Sulla necessità poi di abbassare ancora il livello, ociù ragass che la banalità del male genera mostri e l’abitudine a certe retoriche confonde e spinge verso chine pericolose.
Viviamo tempi volgari: internet soppianta i luoghi fisici di dibattito e, protetti dalla tastiera di un computer, coltiviamo un imbarbarimento fatto di argomentazioni povere, linguaggio rozzo e intolleranza per le altrui opinioni.
Ci soddisfiamo nella polemica e nell’invettiva ma siamo sempre meno disposti a impegnarci sul serio. C’è un’architettura respingente, che fomenta il rigetto di chi “subisce” la politica nei confronti di chi la agisce.

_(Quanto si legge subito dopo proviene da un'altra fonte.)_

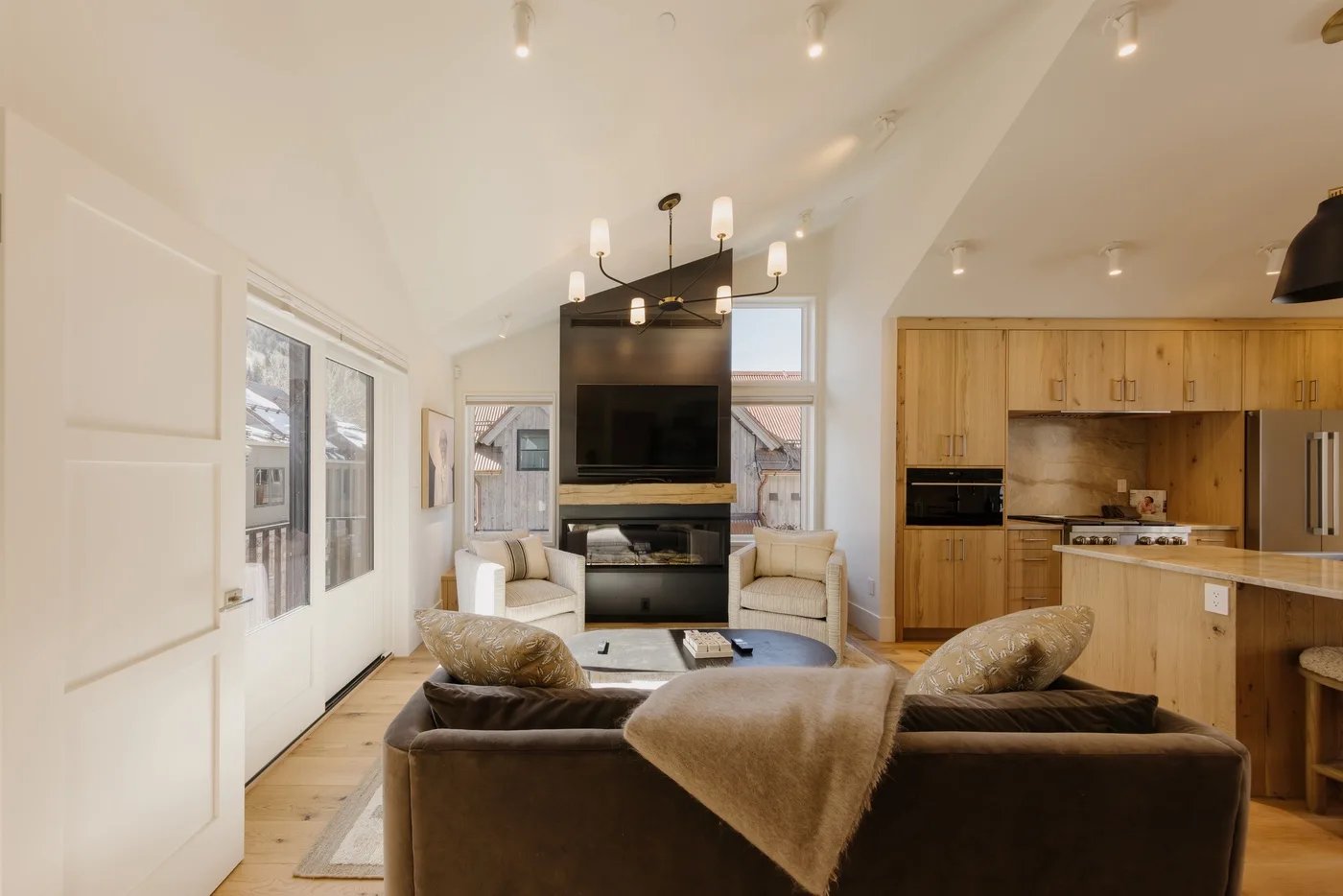 Sala de estar y cocina de espacio abierto con asientos alrededor de un televisor.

A guardare i comportamenti di quelli che dovrebbero essere gli aggregatori di partecipazione, non c’è da stare allegri: i partiti tradizionali, nelle loro varie derivazioni, benché depositari di un enorme patrimonio culturale, faticano a recuperare credibilità, dopo anni persi in tutt’altro che a promuovere competenze e vero ricambio generazionale; non meglio gli apostoli del “nuovo”, ostinati a connotarsi con la delegittimazione sistematica dell’avversario e con un arianesimo ideologico inattaccabile e, temo, fine a se stesso.
Va a finire che per andare controcorrente serve il coraggio di tornare a essere un po’ noiosi. Senza scomodare le grigissime tribune degli anni Settanta, ci mancherebbe. Però questo analfabetismo civico di ritorno va pur contrastato in qualche modo.
I populismi e i loro stilemi non si rincorrono, non si sottovalutano, non si ignorano. Si combattono invece, con una nuova resistenza che mira a creare partecipazione consapevole.
La politica cambia la vita della gente: in meglio o in peggio, poco o tanto: ma la cambia. Starsene alla larga è un paradosso. Parimenti, è faccenda complessa e questa complessità va esplicitata, non nascosta dietro a slogan e hashtag.
Le persone hanno diritto ad avere coordinate (loro malgrado, a volte), a essere fornite di strumenti per decodificare la realtà. Devono poter capire che l’oggettività dei dati, l’approfondimento dei limiti e delle possibilità reali, il piano della discussione (locale, regionale, nazionale, internazionale) sono variabili importanti che pesano sulle decisioni di chi amministra.
Su scala generale si è persa la voglia di andare a fondo, di capire, di elaborare idee a partire da una conoscenza di base. La stessa, capitale, differenza tra democrazia rappresentativa (quale siamo) e plebiscitaria (come qualcuno vorrebbe) è ormai un’idea confusa, che alimenta false aspettative da una parte e alibi deresponsabilizzanti dall’altra.
Chi è eletto non può cercare scappatoie dall’onere/onore di prendere decisioni, magari con sondaggi in rete dove i “si” e i “no” derivano quasi sempre da opzioni indipendenti dalla reale padronanza dell’argomento in questione.
Spendersi per rimediare a un tale cortocircuito è il modo migliore per prendere le distanze da chi fa sterile propaganda. Una strategia che costa fatica e non garantisce un ritorno immediato in termini di consenso.
Sullo “scatto breve”, la serietà avrà sempre la peggio contro la demagogia. Sulla “lunga distanza” invece non può esserci competizione. La fiducia si fonda sulla conoscenza.
Oggi va riconquistata questa fiducia, sudandosela con passione e sacrificio, col sorriso di chi è serio senza essere serioso (i populisti non ridono, troppo presi a cercare nemici e lanciar crociate!), privilegiando il confronto critico ai proselitismi, l’assunzione di responsabilità alla bulimia referendaria, la cultura e un certo stile alla trivialità di messaggi pret a porter, buoni solo a solleticare le pulsioni del momento.